The new B-Spec mode is a nice addition so that I don't have to sit through 1000 miles of endurance racing, but I actually find myself using it on virtually every race. I put it on 3x and tell my driver what to do so I can move on to the next race.

Where's the online revolution? Not here. How is this a vast improvement over GT3? It's not.

I rate Gran Turismo 4 as a completely average game in every way.

Friday, June 3, 2005

It should be time for a new top 10 list. The trouble is, I have no motivation to create such a list, and the list never really changes. Maybe that's because there is no new blazing red head to dethrone Angie Everhart.

The list needs a new red head. Any suggestions?

Thursday, June 2, 2005

The Purdue men's basketball team has received a verbal commitment from Gordon Watt, a 6-foot-7 transfer from Boston College.

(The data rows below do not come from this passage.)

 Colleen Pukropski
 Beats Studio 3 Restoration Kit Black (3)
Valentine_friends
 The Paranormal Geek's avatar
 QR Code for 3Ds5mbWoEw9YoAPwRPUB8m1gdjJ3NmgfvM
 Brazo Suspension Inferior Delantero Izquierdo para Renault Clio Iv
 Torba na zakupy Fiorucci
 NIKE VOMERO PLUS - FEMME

"I was impressed by the Purdue coaching staff's desire to win," said Watt, who averaged 1.3 points as an Eagle. "At Boston College, I experienced a 20-game winning streak, and I like the idea of coming to a program that has re-emphasized excellence.

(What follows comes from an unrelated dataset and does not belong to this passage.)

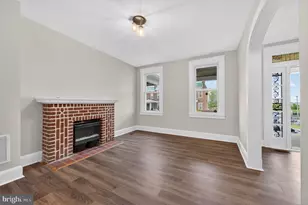 2006 Whittier Ave, Baltimore, MD 21217 - Photo 6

He's not too bright is he? He's apparently not too good either. That's the perfect combination so that Painter can "re-emphasize excellence." Desire to win and actually winning are worlds apart. I don't remember hearing about Keady not desiring to win. How about Tiller? He must not have a desire to beat Michigan or Ohio State. Why stop there? Why can't some team owner in Cleveland finally hire someone that DOES have a desire to win? Once the have that desire, watch out world! We're going to win! And if we don't win, at least we're going to have a desire to do so!

Hooray for desire! Desire to win equals championships!

Wednesday, June 1, 2005

If a house fell out of the sky and landed on you, would you live in it?

Don't people always appear to be more menacing when they're riding an elephant?

Why don't I have a garage?

Is it possible to housejack someone or does that automatically create a hostage situation?

If my car spontaneously combusted and turned into solid gold bricks, would I want to be it in at the time?

Would you accept a "free" house on the condition that one of the rooms always had to be full of worms?

Would you rather have legs for arms or arms for legs?